→ AIM OF THE EXERCISE
Write each of the records out again exactly.

→ INPUT

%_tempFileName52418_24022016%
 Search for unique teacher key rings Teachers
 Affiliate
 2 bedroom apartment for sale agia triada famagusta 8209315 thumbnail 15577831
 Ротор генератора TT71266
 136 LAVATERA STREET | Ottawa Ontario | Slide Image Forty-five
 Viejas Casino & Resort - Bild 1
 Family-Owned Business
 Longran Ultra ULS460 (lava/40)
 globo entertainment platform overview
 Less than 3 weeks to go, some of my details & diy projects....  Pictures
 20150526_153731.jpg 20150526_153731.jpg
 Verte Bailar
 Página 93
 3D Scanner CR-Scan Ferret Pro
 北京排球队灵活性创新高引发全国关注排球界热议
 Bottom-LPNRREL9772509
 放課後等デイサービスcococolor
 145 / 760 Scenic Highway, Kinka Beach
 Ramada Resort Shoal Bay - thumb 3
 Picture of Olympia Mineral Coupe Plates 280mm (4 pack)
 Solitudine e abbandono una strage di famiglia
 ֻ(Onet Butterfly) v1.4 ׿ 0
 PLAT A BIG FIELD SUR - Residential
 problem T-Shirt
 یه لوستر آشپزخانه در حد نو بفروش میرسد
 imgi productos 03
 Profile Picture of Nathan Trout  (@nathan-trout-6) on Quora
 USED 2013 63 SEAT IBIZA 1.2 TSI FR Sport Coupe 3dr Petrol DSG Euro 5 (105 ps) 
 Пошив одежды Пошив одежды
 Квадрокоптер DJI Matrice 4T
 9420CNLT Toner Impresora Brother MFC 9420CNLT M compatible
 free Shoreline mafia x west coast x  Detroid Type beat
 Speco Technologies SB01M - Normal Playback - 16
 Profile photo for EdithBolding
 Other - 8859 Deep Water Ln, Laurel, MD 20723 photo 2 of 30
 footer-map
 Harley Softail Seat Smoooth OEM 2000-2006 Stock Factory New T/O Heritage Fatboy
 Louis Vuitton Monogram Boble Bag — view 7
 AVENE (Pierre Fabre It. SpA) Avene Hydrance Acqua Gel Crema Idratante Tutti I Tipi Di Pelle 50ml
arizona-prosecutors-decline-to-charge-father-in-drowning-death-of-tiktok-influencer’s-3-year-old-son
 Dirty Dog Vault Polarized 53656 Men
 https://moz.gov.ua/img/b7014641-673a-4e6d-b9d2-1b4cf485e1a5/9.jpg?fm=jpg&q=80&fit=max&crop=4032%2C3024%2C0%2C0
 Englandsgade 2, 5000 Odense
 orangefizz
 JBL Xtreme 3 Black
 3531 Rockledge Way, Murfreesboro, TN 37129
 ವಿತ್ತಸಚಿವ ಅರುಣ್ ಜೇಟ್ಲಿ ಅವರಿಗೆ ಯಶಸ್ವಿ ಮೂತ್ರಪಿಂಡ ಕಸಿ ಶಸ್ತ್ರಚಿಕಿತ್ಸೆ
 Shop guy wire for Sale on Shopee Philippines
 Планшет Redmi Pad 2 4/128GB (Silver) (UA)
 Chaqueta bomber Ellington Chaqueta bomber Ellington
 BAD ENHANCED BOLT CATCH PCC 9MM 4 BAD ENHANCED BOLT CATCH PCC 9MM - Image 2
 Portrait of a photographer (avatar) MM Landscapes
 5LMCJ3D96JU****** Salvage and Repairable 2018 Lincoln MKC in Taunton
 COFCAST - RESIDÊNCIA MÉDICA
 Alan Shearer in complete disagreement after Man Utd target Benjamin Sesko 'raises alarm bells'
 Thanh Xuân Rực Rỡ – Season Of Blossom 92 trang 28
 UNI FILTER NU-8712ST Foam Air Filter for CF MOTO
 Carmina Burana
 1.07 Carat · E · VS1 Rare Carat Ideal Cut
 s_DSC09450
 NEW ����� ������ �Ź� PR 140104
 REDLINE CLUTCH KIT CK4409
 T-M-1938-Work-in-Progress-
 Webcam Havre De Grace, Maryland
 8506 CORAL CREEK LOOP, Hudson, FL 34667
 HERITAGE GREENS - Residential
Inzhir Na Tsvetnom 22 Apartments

→ PROBLEM SOLUTION
%_tempFileName52418_24022016%
 Search for unique teacher key rings Teachers
 Affiliate
 2 bedroom apartment for sale agia triada famagusta 8209315 thumbnail 15577831
 Ротор генератора TT71266
 136 LAVATERA STREET | Ottawa Ontario | Slide Image Forty-five
 Viejas Casino & Resort - Bild 1
 Family-Owned Business
 Longran Ultra ULS460 (lava/40)
 globo entertainment platform overview
 Less than 3 weeks to go, some of my details & diy projects....  Pictures
 20150526_153731.jpg 20150526_153731.jpg
 Verte Bailar
 Página 93
 3D Scanner CR-Scan Ferret Pro
 北京排球队灵活性创新高引发全国关注排球界热议
 Bottom-LPNRREL9772509
 放課後等デイサービスcococolor
 145 / 760 Scenic Highway, Kinka Beach
 Ramada Resort Shoal Bay - thumb 3
 Picture of Olympia Mineral Coupe Plates 280mm (4 pack)
 Solitudine e abbandono una strage di famiglia
 ֻ(Onet Butterfly) v1.4 ׿ 0
 PLAT A BIG FIELD SUR - Residential
 problem T-Shirt
 یه لوستر آشپزخانه در حد نو بفروش میرسد
 imgi productos 03
 Profile Picture of Nathan Trout  (@nathan-trout-6) on Quora
 USED 2013 63 SEAT IBIZA 1.2 TSI FR Sport Coupe 3dr Petrol DSG Euro 5 (105 ps) 
 Пошив одежды Пошив одежды
 Квадрокоптер DJI Matrice 4T
 9420CNLT Toner Impresora Brother MFC 9420CNLT M compatible
 free Shoreline mafia x west coast x  Detroid Type beat
 Speco Technologies SB01M - Normal Playback - 16
 Profile photo for EdithBolding
 Other - 8859 Deep Water Ln, Laurel, MD 20723 photo 2 of 30
 footer-map
 Harley Softail Seat Smoooth OEM 2000-2006 Stock Factory New T/O Heritage Fatboy
 Louis Vuitton Monogram Boble Bag — view 7
 AVENE (Pierre Fabre It. SpA) Avene Hydrance Acqua Gel Crema Idratante Tutti I Tipi Di Pelle 50ml
arizona-prosecutors-decline-to-charge-father-in-drowning-death-of-tiktok-influencer’s-3-year-old-son
 Dirty Dog Vault Polarized 53656 Men
 https://moz.gov.ua/img/b7014641-673a-4e6d-b9d2-1b4cf485e1a5/9.jpg?fm=jpg&q=80&fit=max&crop=4032%2C3024%2C0%2C0
 Englandsgade 2, 5000 Odense
 orangefizz
 JBL Xtreme 3 Black
 3531 Rockledge Way, Murfreesboro, TN 37129
 ವಿತ್ತಸಚಿವ ಅರುಣ್ ಜೇಟ್ಲಿ ಅವರಿಗೆ ಯಶಸ್ವಿ ಮೂತ್ರಪಿಂಡ ಕಸಿ ಶಸ್ತ್ರಚಿಕಿತ್ಸೆ
 Shop guy wire for Sale on Shopee Philippines
 Планшет Redmi Pad 2 4/128GB (Silver) (UA)
 Chaqueta bomber Ellington Chaqueta bomber Ellington
 BAD ENHANCED BOLT CATCH PCC 9MM 4 BAD ENHANCED BOLT CATCH PCC 9MM - Image 2
 Portrait of a photographer (avatar) MM Landscapes
 5LMCJ3D96JU****** Salvage and Repairable 2018 Lincoln MKC in Taunton
 COFCAST - RESIDÊNCIA MÉDICA
 Alan Shearer in complete disagreement after Man Utd target Benjamin Sesko 'raises alarm bells'
 Thanh Xuân Rực Rỡ – Season Of Blossom 92 trang 28
 UNI FILTER NU-8712ST Foam Air Filter for CF MOTO
 Carmina Burana
 1.07 Carat · E · VS1 Rare Carat Ideal Cut
 s_DSC09450
 NEW ����� ������ �Ź� PR 140104
 REDLINE CLUTCH KIT CK4409
 T-M-1938-Work-in-Progress-
 Webcam Havre De Grace, Maryland
 8506 CORAL CREEK LOOP, Hudson, FL 34667
 HERITAGE GREENS - Residential
Inzhir Na Tsvetnom 22 Apartments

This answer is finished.